Publications
Ductile failure X-prize
Boyce, Brad B.; Foulk, James W.; Littlewood, David J.; Mota, Alejandro M.; Ostien, Jakob O.; Silling, Stewart A.; Spencer, Benjamin S.; Wellman, Gerald W.; Bishop, Joseph E.; Brown, Arthur B.; Córdova, Theresa E.; Cox, James C.; Crenshaw, Thomas B.; Dion, Kristin D.; Emery, John M.

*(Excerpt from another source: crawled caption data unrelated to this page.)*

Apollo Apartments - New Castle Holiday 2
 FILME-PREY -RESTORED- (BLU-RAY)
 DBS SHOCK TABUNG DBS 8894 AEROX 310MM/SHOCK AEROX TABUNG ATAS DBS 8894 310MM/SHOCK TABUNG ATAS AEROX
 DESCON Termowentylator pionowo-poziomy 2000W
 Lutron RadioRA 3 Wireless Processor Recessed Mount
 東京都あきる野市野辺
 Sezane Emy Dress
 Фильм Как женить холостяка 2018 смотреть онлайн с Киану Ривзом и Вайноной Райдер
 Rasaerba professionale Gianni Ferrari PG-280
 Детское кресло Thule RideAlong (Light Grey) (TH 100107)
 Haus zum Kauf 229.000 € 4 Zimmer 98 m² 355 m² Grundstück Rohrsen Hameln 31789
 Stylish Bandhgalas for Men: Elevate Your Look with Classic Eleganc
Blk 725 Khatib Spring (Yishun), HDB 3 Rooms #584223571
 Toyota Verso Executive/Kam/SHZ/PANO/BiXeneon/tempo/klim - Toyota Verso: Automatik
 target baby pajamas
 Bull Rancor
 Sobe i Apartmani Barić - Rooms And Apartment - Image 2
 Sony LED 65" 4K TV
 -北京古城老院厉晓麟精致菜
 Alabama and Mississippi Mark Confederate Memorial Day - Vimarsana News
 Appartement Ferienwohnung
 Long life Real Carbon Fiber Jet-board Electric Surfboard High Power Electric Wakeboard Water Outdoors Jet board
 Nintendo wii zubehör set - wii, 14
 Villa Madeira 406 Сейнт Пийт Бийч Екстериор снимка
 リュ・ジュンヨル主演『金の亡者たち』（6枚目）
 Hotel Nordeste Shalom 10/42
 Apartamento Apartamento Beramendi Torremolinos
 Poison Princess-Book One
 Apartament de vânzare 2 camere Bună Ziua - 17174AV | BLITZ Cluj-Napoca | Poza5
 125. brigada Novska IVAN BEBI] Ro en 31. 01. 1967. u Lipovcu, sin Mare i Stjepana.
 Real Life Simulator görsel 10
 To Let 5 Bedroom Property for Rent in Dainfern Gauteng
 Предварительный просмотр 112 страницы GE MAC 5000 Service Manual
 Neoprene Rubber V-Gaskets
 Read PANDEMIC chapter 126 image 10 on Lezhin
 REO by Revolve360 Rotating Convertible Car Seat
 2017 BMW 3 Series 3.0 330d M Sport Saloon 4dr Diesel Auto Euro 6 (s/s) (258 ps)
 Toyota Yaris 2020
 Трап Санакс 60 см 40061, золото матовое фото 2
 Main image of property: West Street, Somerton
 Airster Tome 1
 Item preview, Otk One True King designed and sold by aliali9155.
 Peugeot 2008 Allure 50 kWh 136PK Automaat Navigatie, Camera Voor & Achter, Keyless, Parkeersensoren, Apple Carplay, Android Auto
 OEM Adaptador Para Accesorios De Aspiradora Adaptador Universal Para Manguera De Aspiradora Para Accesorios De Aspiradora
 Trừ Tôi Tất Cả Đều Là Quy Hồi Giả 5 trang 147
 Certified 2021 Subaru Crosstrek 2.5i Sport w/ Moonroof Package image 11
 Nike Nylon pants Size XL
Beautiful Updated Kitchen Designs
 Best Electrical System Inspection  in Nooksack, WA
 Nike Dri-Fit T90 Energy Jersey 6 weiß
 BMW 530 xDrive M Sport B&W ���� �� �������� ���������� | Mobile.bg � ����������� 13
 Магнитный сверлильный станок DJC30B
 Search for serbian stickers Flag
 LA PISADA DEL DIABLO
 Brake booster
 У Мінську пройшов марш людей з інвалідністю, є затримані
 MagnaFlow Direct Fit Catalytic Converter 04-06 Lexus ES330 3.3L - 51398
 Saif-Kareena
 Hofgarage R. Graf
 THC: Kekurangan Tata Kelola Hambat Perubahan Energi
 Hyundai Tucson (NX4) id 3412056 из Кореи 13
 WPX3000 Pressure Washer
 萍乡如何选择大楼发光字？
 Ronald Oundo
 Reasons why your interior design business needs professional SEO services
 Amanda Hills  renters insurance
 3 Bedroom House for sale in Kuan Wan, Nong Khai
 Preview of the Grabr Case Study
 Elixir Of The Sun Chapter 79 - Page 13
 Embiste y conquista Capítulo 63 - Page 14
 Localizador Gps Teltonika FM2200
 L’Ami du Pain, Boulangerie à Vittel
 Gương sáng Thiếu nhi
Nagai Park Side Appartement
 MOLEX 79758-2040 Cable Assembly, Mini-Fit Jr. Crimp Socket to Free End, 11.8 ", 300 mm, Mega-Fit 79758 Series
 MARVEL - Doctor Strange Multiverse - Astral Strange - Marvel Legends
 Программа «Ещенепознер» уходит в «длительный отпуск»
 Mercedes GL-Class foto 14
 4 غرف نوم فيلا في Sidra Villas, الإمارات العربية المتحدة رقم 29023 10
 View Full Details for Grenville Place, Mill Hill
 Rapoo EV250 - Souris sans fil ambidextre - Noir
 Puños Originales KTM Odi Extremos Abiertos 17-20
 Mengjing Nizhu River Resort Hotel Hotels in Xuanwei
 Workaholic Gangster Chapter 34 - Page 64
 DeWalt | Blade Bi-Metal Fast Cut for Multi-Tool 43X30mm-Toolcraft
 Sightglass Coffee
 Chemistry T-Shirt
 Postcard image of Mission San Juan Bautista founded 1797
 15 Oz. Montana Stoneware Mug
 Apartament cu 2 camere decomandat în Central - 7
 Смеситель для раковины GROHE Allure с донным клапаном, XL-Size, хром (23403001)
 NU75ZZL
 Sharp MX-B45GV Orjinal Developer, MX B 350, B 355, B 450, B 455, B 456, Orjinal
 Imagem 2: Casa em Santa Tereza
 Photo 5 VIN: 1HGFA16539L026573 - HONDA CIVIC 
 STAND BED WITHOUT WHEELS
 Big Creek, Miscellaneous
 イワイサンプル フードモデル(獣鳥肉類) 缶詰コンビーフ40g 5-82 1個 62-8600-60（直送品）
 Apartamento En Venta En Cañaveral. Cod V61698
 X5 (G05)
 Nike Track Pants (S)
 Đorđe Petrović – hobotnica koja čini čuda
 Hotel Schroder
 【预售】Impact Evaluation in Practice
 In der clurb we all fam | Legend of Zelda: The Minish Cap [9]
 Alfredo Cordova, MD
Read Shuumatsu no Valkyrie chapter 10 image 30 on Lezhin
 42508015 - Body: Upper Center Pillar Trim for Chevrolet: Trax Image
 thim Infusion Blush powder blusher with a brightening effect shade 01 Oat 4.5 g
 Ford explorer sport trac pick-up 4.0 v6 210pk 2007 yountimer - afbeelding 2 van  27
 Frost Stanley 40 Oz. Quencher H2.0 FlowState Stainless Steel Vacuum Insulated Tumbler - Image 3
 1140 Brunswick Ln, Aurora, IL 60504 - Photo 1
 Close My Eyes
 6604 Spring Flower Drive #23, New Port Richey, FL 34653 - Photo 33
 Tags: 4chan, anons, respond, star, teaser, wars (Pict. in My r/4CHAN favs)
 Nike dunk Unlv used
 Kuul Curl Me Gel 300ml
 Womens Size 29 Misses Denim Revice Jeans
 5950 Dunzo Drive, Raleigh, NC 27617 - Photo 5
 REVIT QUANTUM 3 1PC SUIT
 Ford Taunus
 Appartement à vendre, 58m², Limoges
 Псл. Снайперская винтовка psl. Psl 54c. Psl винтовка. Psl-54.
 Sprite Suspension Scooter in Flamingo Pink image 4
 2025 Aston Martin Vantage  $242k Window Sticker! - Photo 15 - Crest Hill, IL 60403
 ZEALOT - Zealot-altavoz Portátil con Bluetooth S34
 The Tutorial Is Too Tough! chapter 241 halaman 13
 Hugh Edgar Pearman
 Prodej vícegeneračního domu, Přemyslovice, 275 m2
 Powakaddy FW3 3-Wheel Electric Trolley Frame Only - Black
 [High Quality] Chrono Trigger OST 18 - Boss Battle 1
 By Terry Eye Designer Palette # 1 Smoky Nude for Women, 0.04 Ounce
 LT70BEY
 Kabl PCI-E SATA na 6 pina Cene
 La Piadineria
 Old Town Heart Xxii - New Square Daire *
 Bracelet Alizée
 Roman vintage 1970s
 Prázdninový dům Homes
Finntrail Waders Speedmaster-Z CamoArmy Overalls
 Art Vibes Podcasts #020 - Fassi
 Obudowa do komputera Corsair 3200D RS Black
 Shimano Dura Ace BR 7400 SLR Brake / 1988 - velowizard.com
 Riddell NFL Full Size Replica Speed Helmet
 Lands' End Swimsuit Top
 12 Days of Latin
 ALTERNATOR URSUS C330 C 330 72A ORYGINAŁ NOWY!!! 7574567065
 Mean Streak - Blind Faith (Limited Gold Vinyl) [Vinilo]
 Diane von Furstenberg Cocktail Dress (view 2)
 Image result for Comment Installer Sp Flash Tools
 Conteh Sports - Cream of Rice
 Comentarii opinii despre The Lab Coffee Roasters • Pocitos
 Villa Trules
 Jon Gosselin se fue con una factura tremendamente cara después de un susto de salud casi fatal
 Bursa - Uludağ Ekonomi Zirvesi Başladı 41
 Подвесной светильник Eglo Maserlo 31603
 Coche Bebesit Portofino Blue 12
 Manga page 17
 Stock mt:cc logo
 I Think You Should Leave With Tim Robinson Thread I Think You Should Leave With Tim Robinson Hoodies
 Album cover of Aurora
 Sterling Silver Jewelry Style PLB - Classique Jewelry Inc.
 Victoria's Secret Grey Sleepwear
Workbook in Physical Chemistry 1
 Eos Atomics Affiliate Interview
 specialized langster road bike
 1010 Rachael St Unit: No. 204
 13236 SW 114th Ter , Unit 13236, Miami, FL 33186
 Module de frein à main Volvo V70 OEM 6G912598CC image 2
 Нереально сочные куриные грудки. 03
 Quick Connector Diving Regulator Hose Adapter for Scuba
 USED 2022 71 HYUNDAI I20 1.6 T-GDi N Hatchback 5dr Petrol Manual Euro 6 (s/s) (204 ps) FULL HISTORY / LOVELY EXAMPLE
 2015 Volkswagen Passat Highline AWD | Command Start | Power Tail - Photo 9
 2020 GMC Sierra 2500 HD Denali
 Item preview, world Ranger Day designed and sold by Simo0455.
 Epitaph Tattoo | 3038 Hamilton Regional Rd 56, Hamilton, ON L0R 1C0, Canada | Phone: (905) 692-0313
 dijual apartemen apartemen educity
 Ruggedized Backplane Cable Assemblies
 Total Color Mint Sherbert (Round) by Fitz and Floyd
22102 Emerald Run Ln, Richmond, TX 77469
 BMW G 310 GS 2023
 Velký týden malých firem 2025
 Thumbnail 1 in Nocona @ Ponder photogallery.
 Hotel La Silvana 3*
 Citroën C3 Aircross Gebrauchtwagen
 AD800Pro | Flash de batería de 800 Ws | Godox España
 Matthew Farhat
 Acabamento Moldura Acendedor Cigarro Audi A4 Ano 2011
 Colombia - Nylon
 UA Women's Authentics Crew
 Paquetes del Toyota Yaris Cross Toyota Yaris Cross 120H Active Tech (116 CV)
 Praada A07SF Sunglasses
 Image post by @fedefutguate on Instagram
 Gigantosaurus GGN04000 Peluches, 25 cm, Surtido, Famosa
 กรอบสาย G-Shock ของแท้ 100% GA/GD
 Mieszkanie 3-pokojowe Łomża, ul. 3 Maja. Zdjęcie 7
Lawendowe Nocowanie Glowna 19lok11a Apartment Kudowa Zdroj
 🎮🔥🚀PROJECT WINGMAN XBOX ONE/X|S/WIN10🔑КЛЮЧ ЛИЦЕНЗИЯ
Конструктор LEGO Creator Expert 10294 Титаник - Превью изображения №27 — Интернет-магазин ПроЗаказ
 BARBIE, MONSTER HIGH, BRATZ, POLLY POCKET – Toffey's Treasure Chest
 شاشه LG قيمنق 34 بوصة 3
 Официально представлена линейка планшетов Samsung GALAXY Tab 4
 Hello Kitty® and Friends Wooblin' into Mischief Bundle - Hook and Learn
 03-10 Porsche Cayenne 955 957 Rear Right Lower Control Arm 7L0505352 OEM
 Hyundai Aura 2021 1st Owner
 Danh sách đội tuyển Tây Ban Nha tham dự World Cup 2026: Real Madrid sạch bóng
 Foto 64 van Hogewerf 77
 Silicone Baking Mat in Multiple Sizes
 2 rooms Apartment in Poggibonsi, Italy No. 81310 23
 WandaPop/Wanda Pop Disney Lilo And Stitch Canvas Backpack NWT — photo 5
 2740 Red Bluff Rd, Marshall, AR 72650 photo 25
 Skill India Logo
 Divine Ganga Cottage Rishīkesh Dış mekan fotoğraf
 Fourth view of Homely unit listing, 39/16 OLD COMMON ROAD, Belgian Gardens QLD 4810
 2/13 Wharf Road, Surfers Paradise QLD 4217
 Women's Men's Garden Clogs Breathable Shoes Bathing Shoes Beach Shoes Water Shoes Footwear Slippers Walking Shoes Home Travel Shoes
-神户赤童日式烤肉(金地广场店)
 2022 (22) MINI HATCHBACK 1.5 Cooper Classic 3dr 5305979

Fracture or tearing of ductile metals is a pervasive engineering concern, yet accurate prediction of the critical conditions of fracture remains elusive. Sandia National Laboratories has been developing and implementing several new modeling methodologies to address problems in fracture, including both new physical models and new numerical schemes. The present study provides a double-blind quantitative assessment of several computational capabilities including tearing parameters embedded in a conventional finite element code, localization elements, extended finite elements (XFEM), and peridynamics. For this assessment, each of four teams reported blind predictions for three challenge problems spanning crack initiation and crack propagation. After predictions had been reported, the predictions were compared to experimentally observed behavior. The metal alloys for these three problems were aluminum alloy 2024-T3 and precipitation hardened stainless steel PH13-8Mo H950. The predictive accuracies of the various methods are demonstrated, and the potential sources of error are discussed.